Johnson Jones Hooper (D-64)
D-64

Editor and humorist, creator of "Simon Suggs" and other characters of the Southern frontier. Born in this city, 1815.

Location: US 17 Business (Market Street) at Third Street in Wilmington
County: New Hanover
Original Date Cast: 1962

“It is good to be shifty in a new country.” So advised Captain Simon Suggs of the Talapoosa (Alabama) Volunteers, the fictional creation of Johnson Jones Hooper (1815-1862), who along with Augustus Baldwin Longstreet and Thomas Bangs Thorpe, fashioned a spirited frontier brand of humor that prefigured the work of Mark Twain. Born in Wilmington, Hooper came from a prominent family.

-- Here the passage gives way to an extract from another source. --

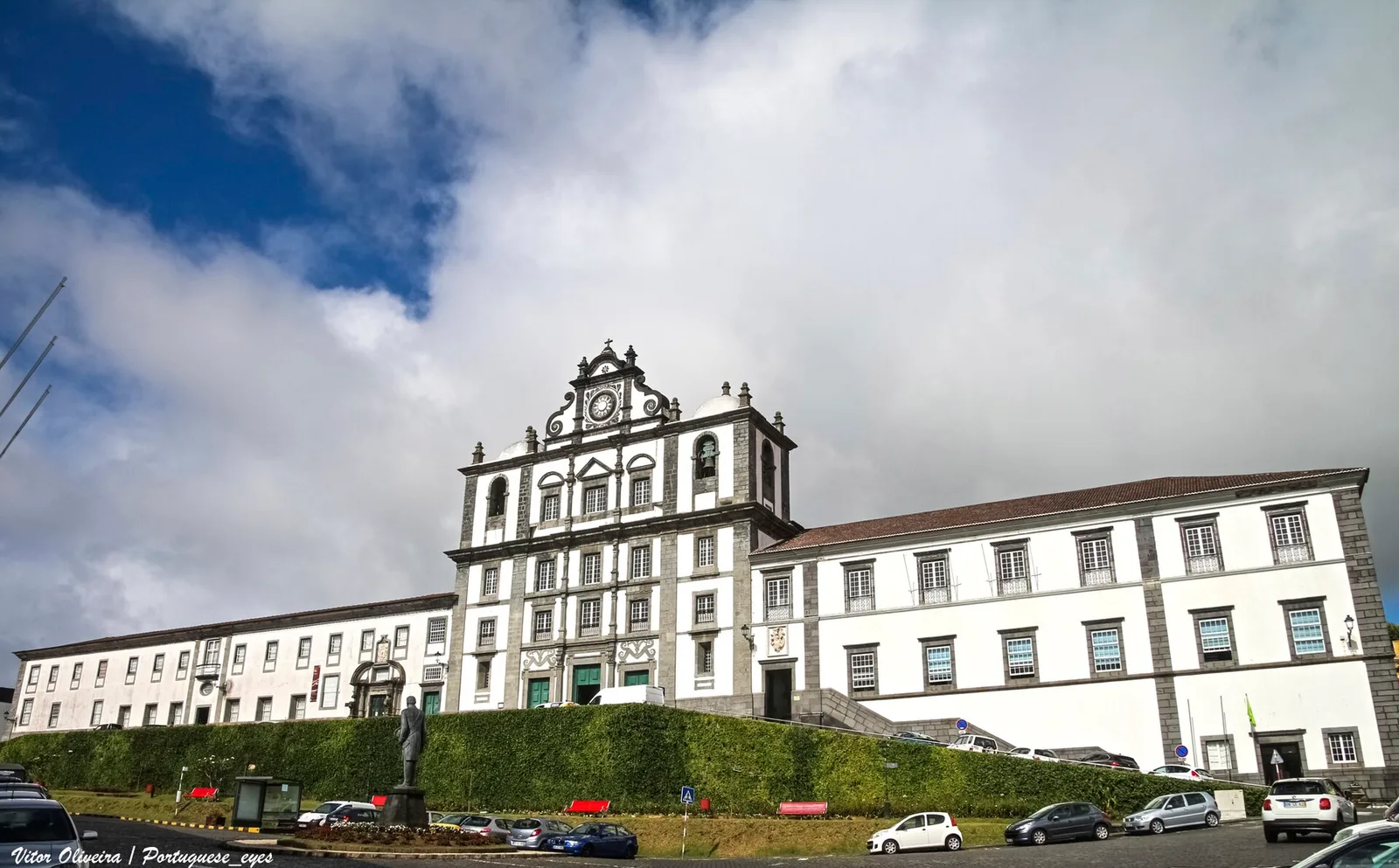 Colégio dos JesuÃtas da Horta e sua igreja (SantÃssimo Salvador, hoje igreja matriz da Horta)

William Hooper, his great-grandfather, was a signer of the Declaration of Independence.

At the age of twenty, Johnson Jones Hooper moved to Lafayette, Alabama, to join his brother in the practice of law. There in 1840 he helped take the federal census, laying the groundwork for his first story, “Taking the Census in Alabama,” published in 1843, initially in the East Alabamian and then reprinted in the New York-based Spirit of the Times. The humorous piece, detailing backwoods objections to the intrusion of the federal government, launched his national popularity. Hooper’s Simon Suggs pieces followed, published serially to start and then gathered in a book in 1845. Suggs was, according to literary scholar James H. Justus, “a petty confidence man,” a figure who came to be “associated with the fluid values and opportunism of the entire Southwest, with its unstable economy and heterogeneous population.” Hooper, Longstreet, and Thorpe, all better creative writers than newspapermen, are today recognized as the creators of the distinctively American brand of Southwest humor that came to full flower in the work of Mark Twain.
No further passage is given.